The complete document can be accessed via the Kenya Red Cross Society website. The link for the same is as below:
KRCS was created by Act of Parliament in 1965. It is auxiliary to Central and County governments but maintains an autonomous status which allows it to act at all times in accordance with the Fundamental Principles of Red Cross Red Crescent Movement
The Kenya Red Cross is currently supporting the Norwegian Red Cross (NorCross) Regional office in Nairobi to implement some of her activities in the region, one of them being in Somalia, in partnership with the Somali Red Crescent Societies (SRCS).
For this reason, on behalf of NorCross, KRCS is sending this Request for Proposal document seeking for a consultant for the Greening project of the health and Rehabilitation facilities in Mudug Region, Somalia
The consultant KRCS is looking for is expected to provide technical guidance/specifications and supervise the implementation of the recommendations from the assessment report, that recommended approaches and strategies aimed at improving WASH status in the eight SRCS Health Facilities (HCFs), to largely benefit from opportunities for “green” technology.
1.1.1 SRCS AND NORWEGIAN RED CROSS – BACKGROUND IN SOMALIA
Decades of protracted conflict, coupled with natural and climate change related hazards such as drought, cyclone and flooding have increased the Somali population vulnerability to chronic food insecurity, diseases outbreak, malnutrition, and resulted in inadequate access to safe drinking water, sanitation and basic health care services.
Drought has driven food insecurity to crises levels across the country, with losses of livestock, pastureland and food.

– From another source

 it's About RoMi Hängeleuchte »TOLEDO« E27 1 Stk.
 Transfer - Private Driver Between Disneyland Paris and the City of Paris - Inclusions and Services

Drought led to the displacement of an estimated 943,000 people across the country from November 2016 to October 2017. 6.2 million people (corresponding to half of the population in Somalia) are acutely food insecure and in need of urgent life-saving assistance. This, together with a lack of clean drinking water and access to health facilities, are causing rising morbidity and mortality rates and severe long-term impacts on livelihoods and assets. Somalia displays one of the worst infant and young children feeding and micronutrient indicators in the world. As of end of October 2017, over 363,000 children were suffering from acute malnutrition and in need of urgent treatment and nutrition support.

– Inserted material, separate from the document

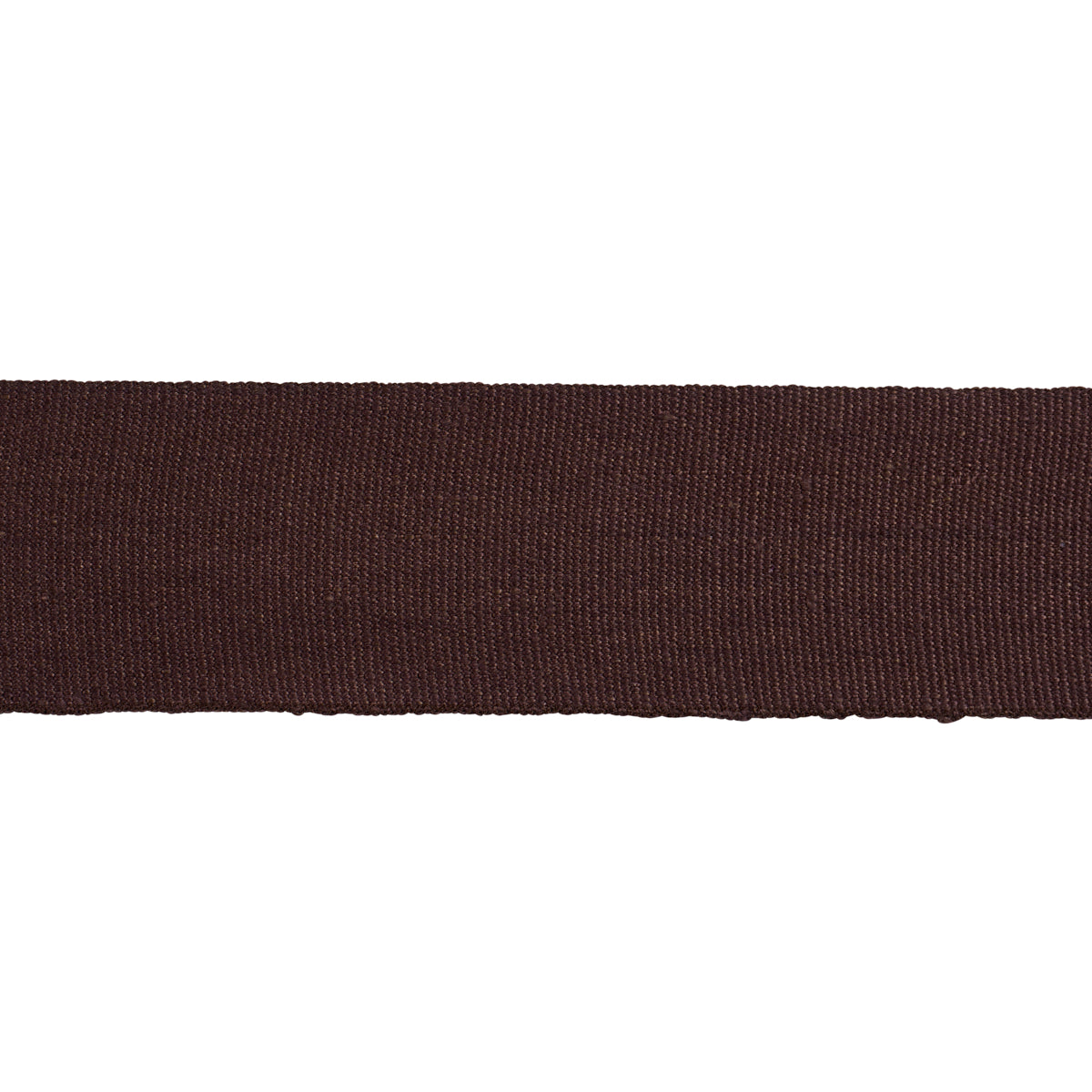 MATHIAS LINEN TAPE WIDE | Brown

Despite the progress that has been made by the Somalia government in re-establishing state structures, there remains a lack of public health service institutions to meet all the humanitarian needs of the population. The SRCS, which was established in 1963, continues to play a significant role in filling the gap in the health service delivery system. SRCS is currently the second largest primary health care service provider in Somalia and operates through a network of 19 branches and 130 sub-branches with activities spread all across the country. With the support of Red Cross Red Crescent Movement (RCRC Movement) partners, SRCS has been running over 150 health clinics, stationary (100) and mobile (50) clinics. SRCS works in close cooperation with the Federal Ministry of Health, the Ministries of Health of the Federal Member States and other health actors, with the aim of the governments, with time, taking over more of the health services.
While Norcross started working with SRCS since the early sixties, the first signed co-operation agreement between NorCross and SRCS is dated 1982. Following this, the physical rehabilitation program in Somalia was launched following the 1993 telethon fundraising. The bilateral relationship between SRCS and NorCross has always been very close, with different operational modalities at different times – based on the prevailing situation. In addition to the support on health interventions, NorCross is also one of the main supporters to the core structures of SRCS, which has contributed to reinforce the national society’s position and capability to respond to humanitarian needs and crises in Somalia. NorCross is continually engaged in strengthening SRCS capacities through the national society development activities, with current focus on finance development and resource mobilisation.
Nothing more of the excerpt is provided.